Glaciers Slow Earth Rotation, Melting And Climate Change Are To Blame, Claims New Study
Melting glaciers could slow Earth’s rotation, according to experts. Harvard University scientists have discovered that climate change – the melting of glaciers and the rise in sea level will ultimately slow down the planet’s rotation and lead to longer days.
Maybe you should get a new technologically advanced watch for Christmas because time will slightly change and you can blame it on climate change. A study published by a team of Harvard University experts led by geophysicist Jerry Mitrovica revealed that melting glaciers will slow Earth’s rotation – in the next century or so.
According to the study published in the journal Science Advances, the melting of glaciers near the Earth’s poles is causing a significant amount of water to shift from the Earth’s axis of rotation towards the equator resulting in the Earth rotating at a slower speed. Mitrovica explained:
“Because glaciers are at high latitudes, when they melt they redistribute water from these high latitudes towards lower latitudes, and like a figure skater who moves his or her arms away from their body, this acts to slow the rotation rate of the Earth.”
“Imagine a figure skater who doesn’t stick their arms straight out but rather sticks one at one angle and the other out at another angle. The figure skater will begin to wobble back and forth. This is the same thing as polar motion.”

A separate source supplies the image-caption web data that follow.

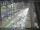 Webcam in Sydney, 1162.5 km entfernt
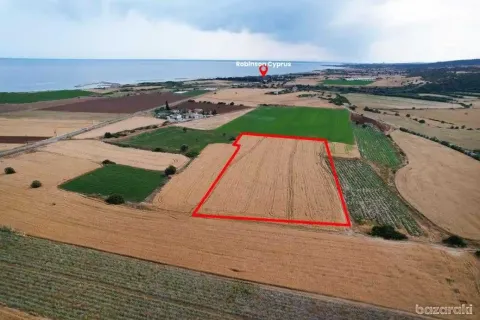 14716m² Land à Alaminos, Cyprus No. 35361 2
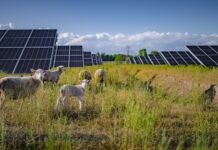 Volkswagen utiliza 100 ovejas para pastar la hierba de su planta fotovoltaica en Polonia Volkswagen ovejas planta fotovoltaica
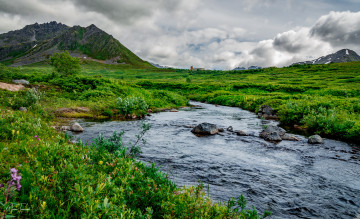 Картинка природа реки озера простор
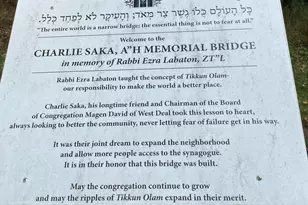 243 Woodcrest Rd, Oakhurst, NJ 07755 - Photo 35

Mathieu Dumberry, a physics professor at the University of Alberta, who was part of the study stated that the melting glaciers have slowed the Earth’s rotation and increased the duration of a day by about a thousandth of a second over the 20th century. Mitrovica said that the rotation slowdown is not a danger to the planet and concluded by:
“These are small effects but are another indication of the profound impact of human-induced climate change on the planet.”
So, does the change in the Earth’s rotation mean a day will have 25 hours? No, researchers predict that a century from now, Earth’s slower rotation will make each day 1.7 milliseconds longer – and with that it is advised that you keep your old watch and give it to your grandchildren.